As pointed out, Ol' Truman had a sign on his desk saying "The buck stops here."
Where is this attitude on both sides of the Isle now?
While I'm sure some will take this artical as republican bashing, the artical is highly interesting in pointing out that no responsability has been taken for the lack of WMD's in Iraq. That means both that federal employee's in intelligence have not been fired, and no apology has been issued by the highest office holder that made mistaken claims (that would be Bush, as president and as the highest office holder to state the incorrect information)
To be fair, the artical does not bash, and in my opinion is very balanced. Your milage may vary.
There is also plenty of mention of Clinton's inability to accepy responsability for lying to the public about a certain young woman, and corporate culture's attitude about when anyone is at fualt.
As a side, I recently settled a dispute with AT&T over billing issues.
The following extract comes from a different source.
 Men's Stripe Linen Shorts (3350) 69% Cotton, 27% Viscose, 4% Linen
In setteling the dispute, the former company offered to drop the dispute if I signed an agreement absolving any admission of guilt by them. I declined, and persued my legal action. I also won, and received a formal apology.
Now to be fair, I have lawyers in my family who worked probono. Most don't have the luxury.
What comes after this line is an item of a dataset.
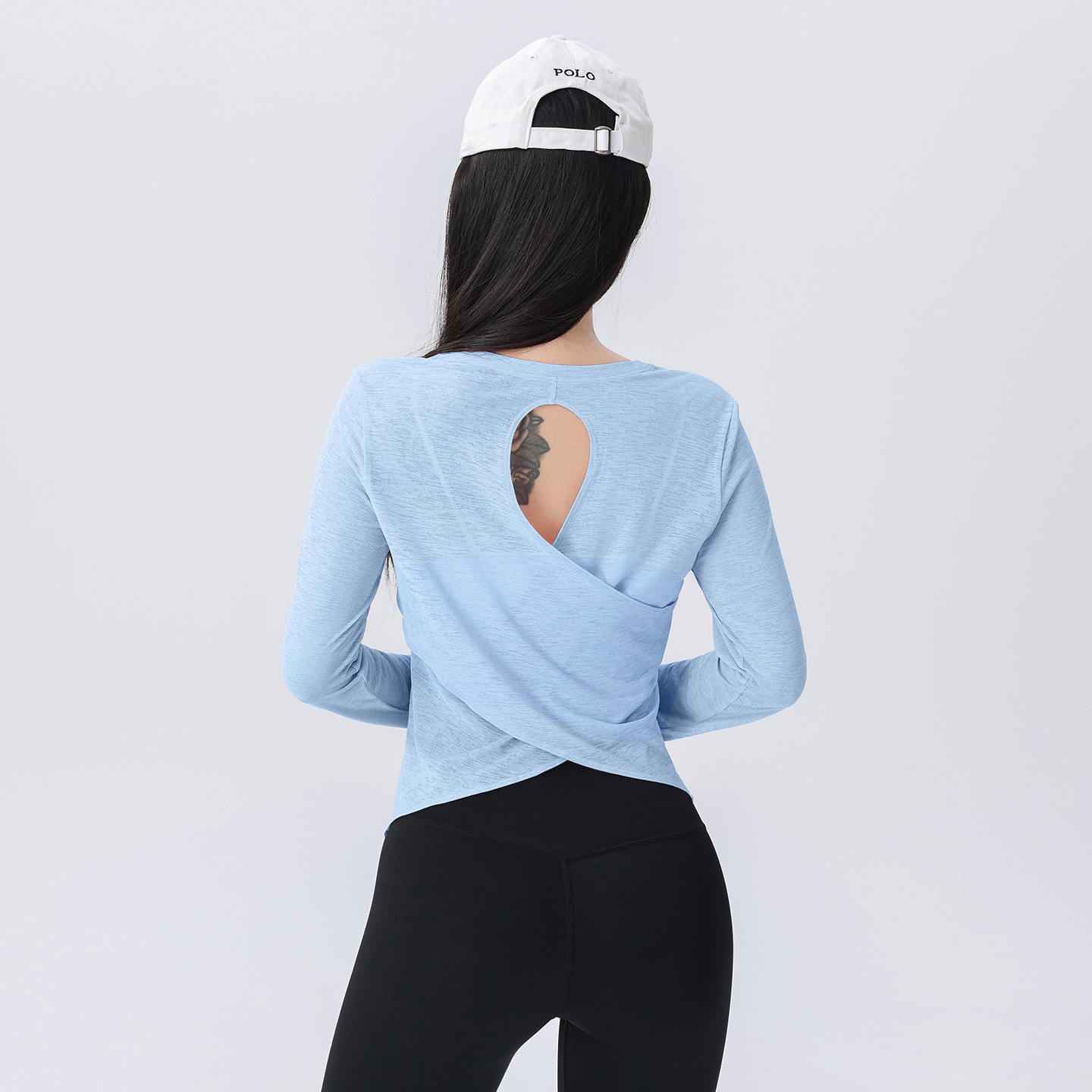 瑜伽服女长袖美背运动普拉提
I wonder if corporate attitude regarding settelments and agreements absolving guilt on their part has contributing to this attitude.
I do beleive that personal responsability is wanning in this country. there is always an excuse. No one in a position of power is ever seen saying "I accept responsability for the failure of my employee's." no indivigual say's "I accept responsability for this screwup."
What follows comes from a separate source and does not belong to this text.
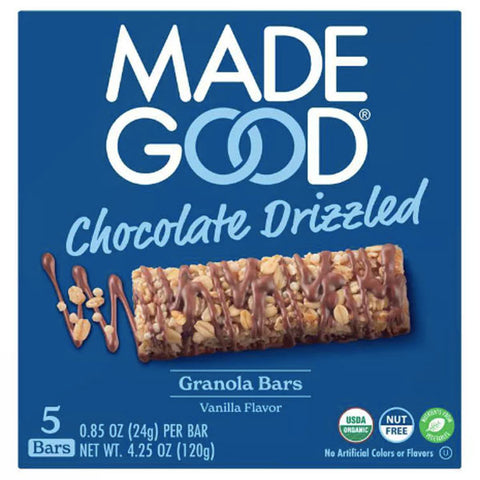 MadeGood Chocolate Drizzled Vanilla Granola Bars, 5 Bars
I do by the way agree that this started with the generation after Brokaws "Greatest Generation." That's the baby boomers in case your wondering. Are you between 35 and 55? Then this applies to you.
It just gets worse after that.
Artical below: Please take the time to read it before commenting
Quote:
Personal responsibility waning, experts say
Tue Apr 12, 4:10 PM ET
By Steven Thomma, Knight Ridder Newspapers
WASHINGTON - Simple and direct like the man who put it there, it was a bold statement that summed up his approach to leadership and represented a value of the generation that helped him build a new America after World War II.
Echo Company
Knight Ridder Special Report (at philly.com)
"The Buck Stops Here," said the no-nonsense sign on President Harry Truman's desk. Today, it sits in a Missouri museum. And with it perhaps the sentiment it represented.
It was more than a slogan. The notion of accepting responsibility without passing the buck or blaming others when things went wrong was central to the work ethic and moral tone of the time.
By contrast today, almost none of the leaders of the country's great institutions ever step forward and take responsibility for failure or even honest mistakes. It is sometimes imposed by others, notably juries, but less so by the broader American society and virtually never invoked voluntarily in politics, business, religion or popular culture.
In government, for example, no one was held responsible for major failures in intelligence in either the Sept. 11, 2001, terrorist attacks or what former CIA Director George Tenet called the "slam dunk" conclusion that Iraq had weapons of mass destruction. Instead, President Bush awarded Tenet the Medal of Freedom, the nation's highest civilian honor.
In business, Worldcom CEO Bernard Ebber's defense against criminal charges was that the boss isn't really responsible for his company. A jury didn't agree and convicted him.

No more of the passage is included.